En la ciudad de México, donde vivía retirado de la milicia, en el atardecer del viernes, tres balazos certeros cegaron la vida del general Mario Arturo Acosta Chaparro Escápite. Leyenda negra de Guerrero, terruño donde construyó con pilas de cadáveres, uno de los episodios más sangrientos de la guerra sucia, en los años setenta y ochenta del siglo pasado.
Tiempos en que la guerrilla de Lucio Cabañas y Genaro Vásquez dieron pie a que la contrainsurgencia impidiera el crecimiento de los grupos armados que deseaban cambiar el status político de México, a base de una revolución socialista que veían los insurrectos, como la salvación para México.
No contaban con Luis Echeverría, el presidente que se esforzó, dotando de todos los medios a la milicia para erradicar, como fuera, los brotes levantiscos en Guerrero. La memoria de las víctimas ha ido despareciendo con el tiempo que borra deudas y agravios. No hay certeza de los desgarramientos. Se habla de muertos y desaparecidos, de soplones y traidores, delatores, chivas, madres viudas, novias abandonadas y sufrimientos dolorosos entre el llanto y el espanto.
En ese escenario la figura de Mario Arturo es señera, sin rival, solitaria. Asemeja al cóndor en lo alto de su soberanía. Único en su especie. Rodeado de las herramientas castrenses necesarias para la sarracina.
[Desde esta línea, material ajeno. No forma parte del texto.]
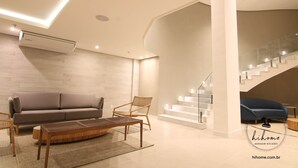 A modern living room with a sofa, chair, coffee table, and staircase. - Hihome - Royale (São Bento Cabo Frio)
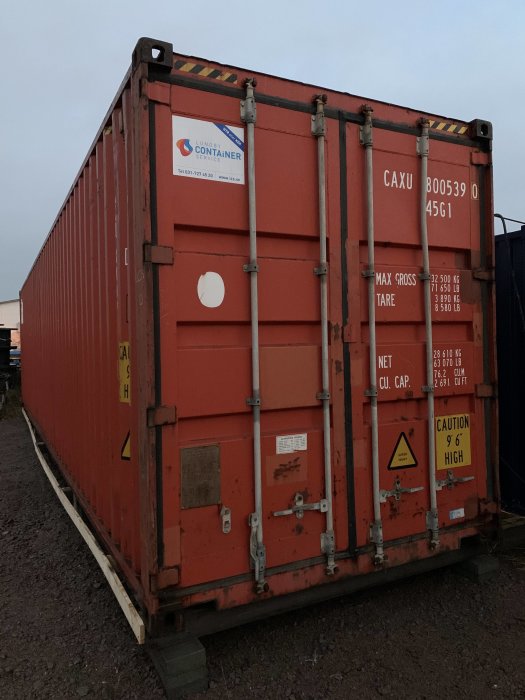 Röd 40 fots high cube shippingcontainer står på grusunderlag med företagslogotyp och lastinformation.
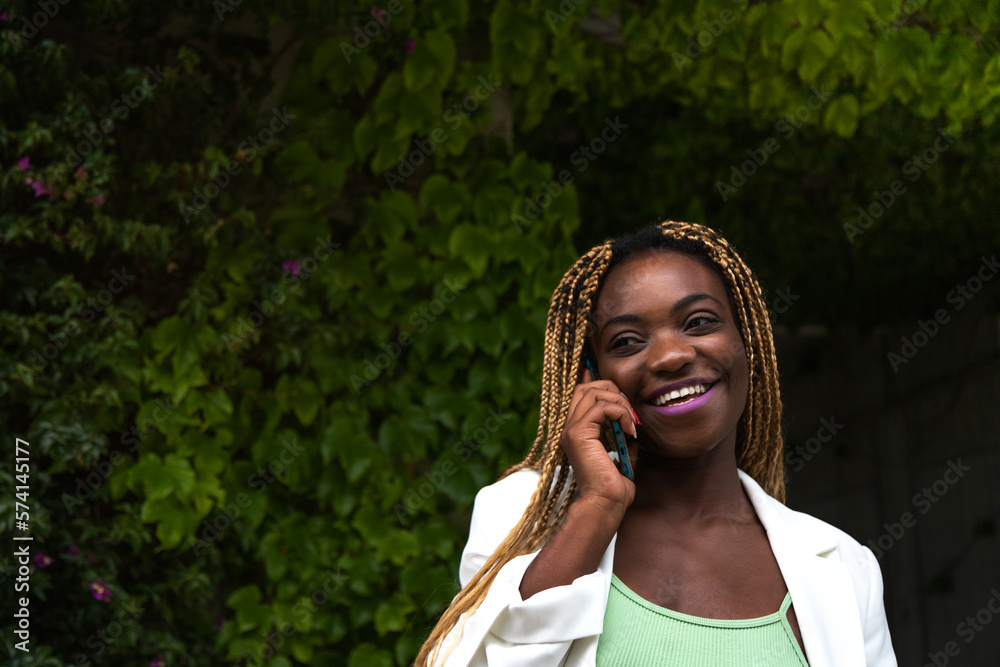 Fototapeta premium Happy Young Black woman talking on the phone outdoors. Copy space.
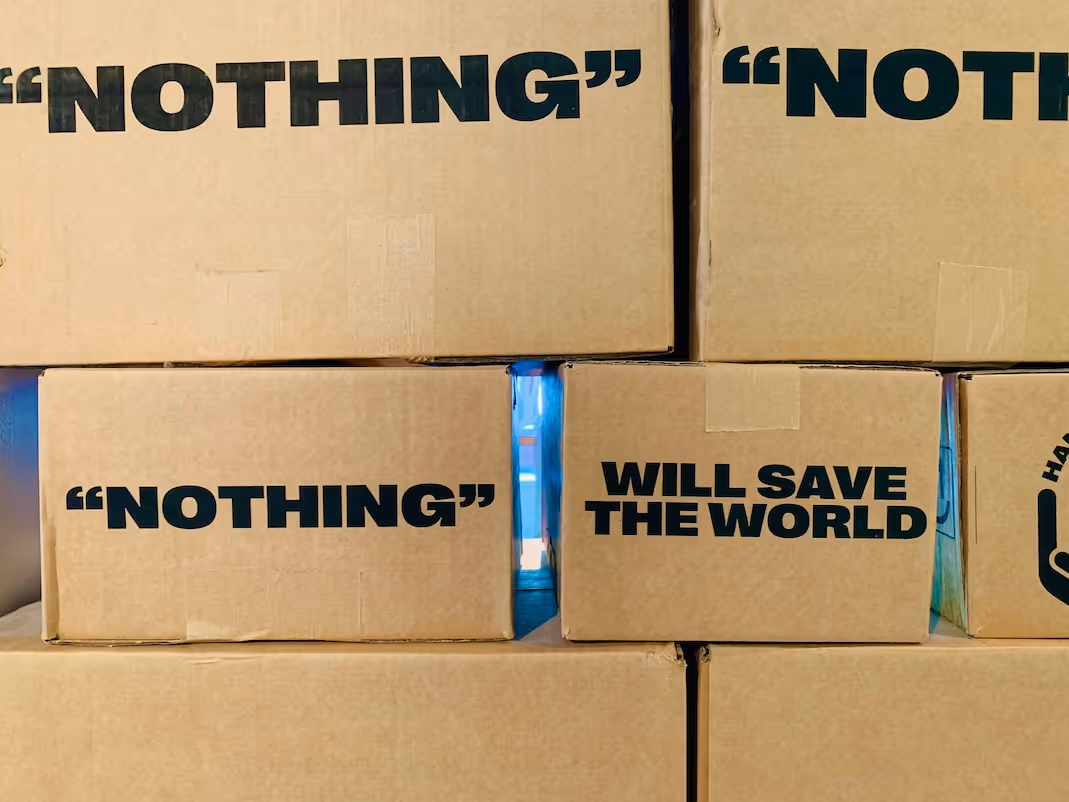 Op elkaar gestapelde kartonnen dozen waarop afwisselend "nothing" tussen aanhalingstekens en "will save the world" staat.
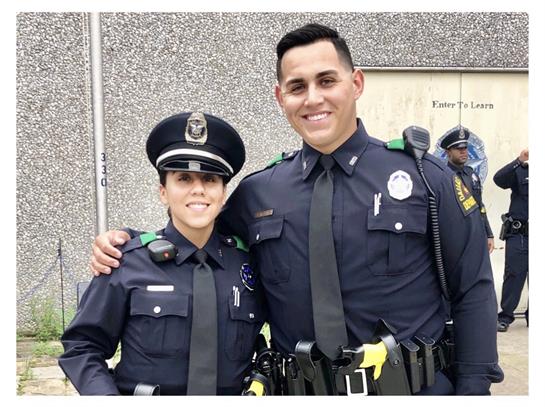 Officers smile in uniform, promoting community engagement at an event.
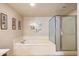Well-lit bathroom features a soaking tub with a shower stall, and tile floors at 12642 N Mountainside Dr # D, Fountain Hills, AZ 85268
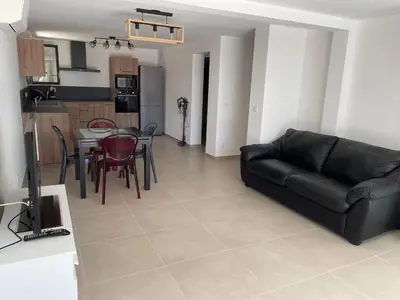 a living room with a black couch and a table at Casa Di Lucianu in Casaglione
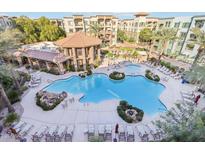 Resort-style pool with surrounding lounge chairs and landscaping at 5450 E Deer Valley Dr # 4015, Phoenix, AZ 85054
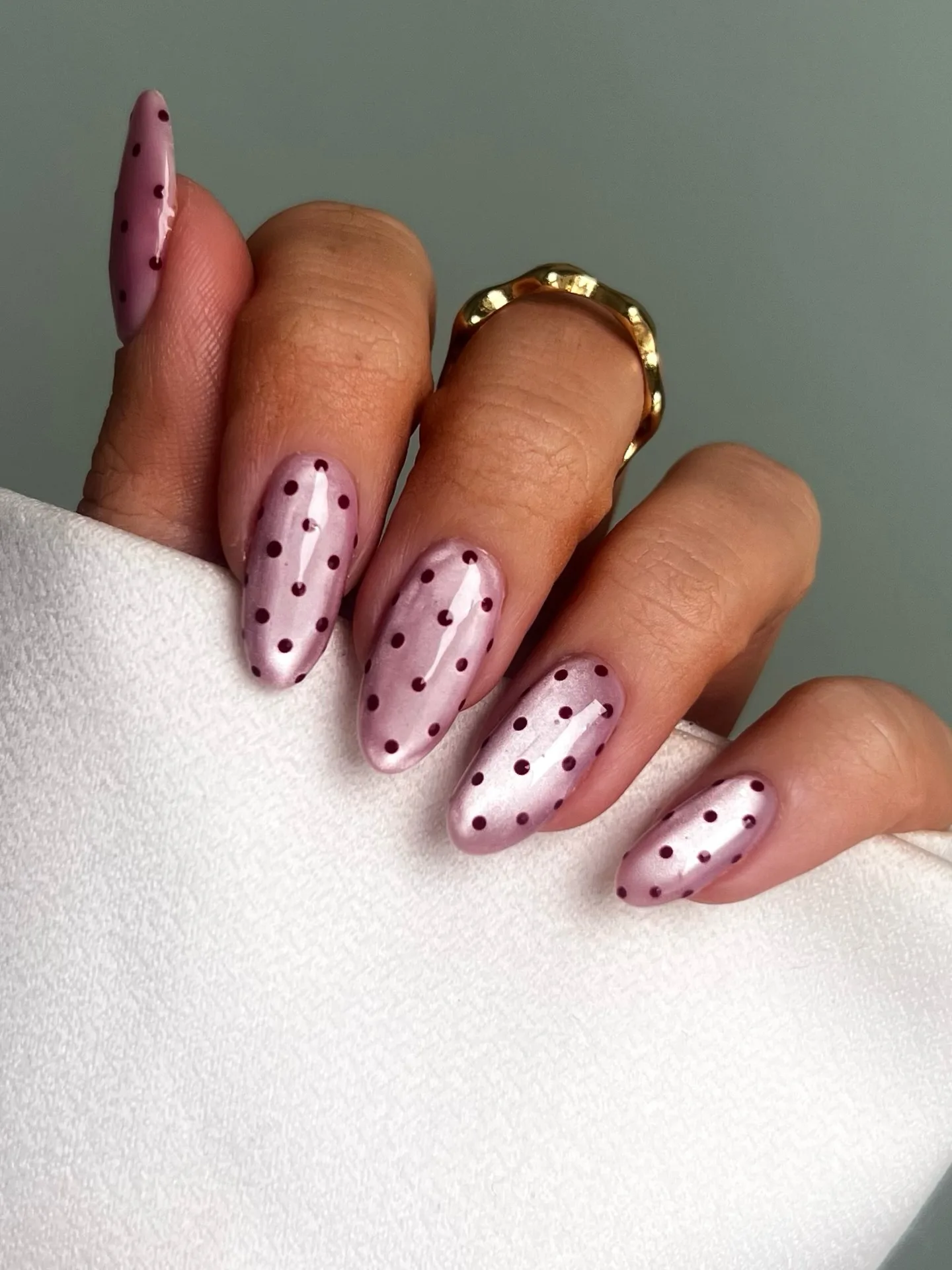 mauve oval polka dot nails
A su disposición todo el aparato de seguridad del Estado pero, lo más sutil y supremo de esta avitualla, fue la impunidad concedida a su indumentaria, desde el instante en que se le designó principal, en el rango de combatir a la insurgencia.
El mérito de Mario Arturo se agiganta cuando le toca en suerte ser uno de los oficiales que logra recuperar vivo al secuestrado candidato del PRI Rubén Figueroa Figueroa, a la vez que era un influyente político local, también sumaba a su gracia, el ser compadre del entonces presidente Luis Echeverría Álvarez.
Ese bastón de mando de Gran Mariscal que le valieron sus hazañas, lo usó en el combate a la guerrilla, en los montes rurales y en la zona urbana y, lo siguió utilizando ya en la administración de gobierno de Rubén Figueroa, pues siendo éste gobernador del Estado, lo designó, por primera vez en el país, como comandante único de todas las policías en el Estado, con mando excepcional y suficiente fuero para intervenir tanto en seguridad industrial, pública y privada, persecución del delito, asuntos de vialidad y protección individual a poderosos, ricos y políticos. En esa esfera de miedo ciudadano, Zeferino Torreblanca lo copta como su compadre al bautizarle una nena.
Es legítimo pensar que Mario Arturo no fue un siniestro ni un ser humano de maldades truculentas. Le gustaba platicar y aprender las cosas que no sabía. Era discreto y valiente. El error fue del gobierno civil, al haberlo dotado de tantas atribuciones, funciones y parapeto, en tiempos en que el poder absoluto del gobierno no se detenía en ningún calabozo.
A quién le dan pan que llore.
De cualquier manera su época es magenta, del color de la sangre seca. Todavía hay calles que no olvidan los balazos, hogares muy afligidos, huérfanos, viudas que nunca recuperaron la alegría de sus vidas de antaño. No se pierden fácilmente en la estadística las atrocidades de sus batallones, sicarios foráneos, investigadores, torturadores, aves negras pobladoras de la noche.
En solitario, en una calle desierta de la ciudad de México, un general retirado del Ejército Mexicano, Mario Arturo Acosta Chaparro Escápite, cae abatido por una dedicatoria de plomo, que fue alevosa y premeditada destinada a su corpulencia, para cancelar la vital humanidad de un ser humano, inerme que tuvo en sus manos la historia amarga de dos décadas de Guerrero: Pueblo en vilo que sufrió y padeció ante su analogía con Poncio Pilatos, sin tener siquiera tiempo o reflexión para lavarse las manos.
PD: “Morirse es como dejar un vicio”: Víctor Hugo.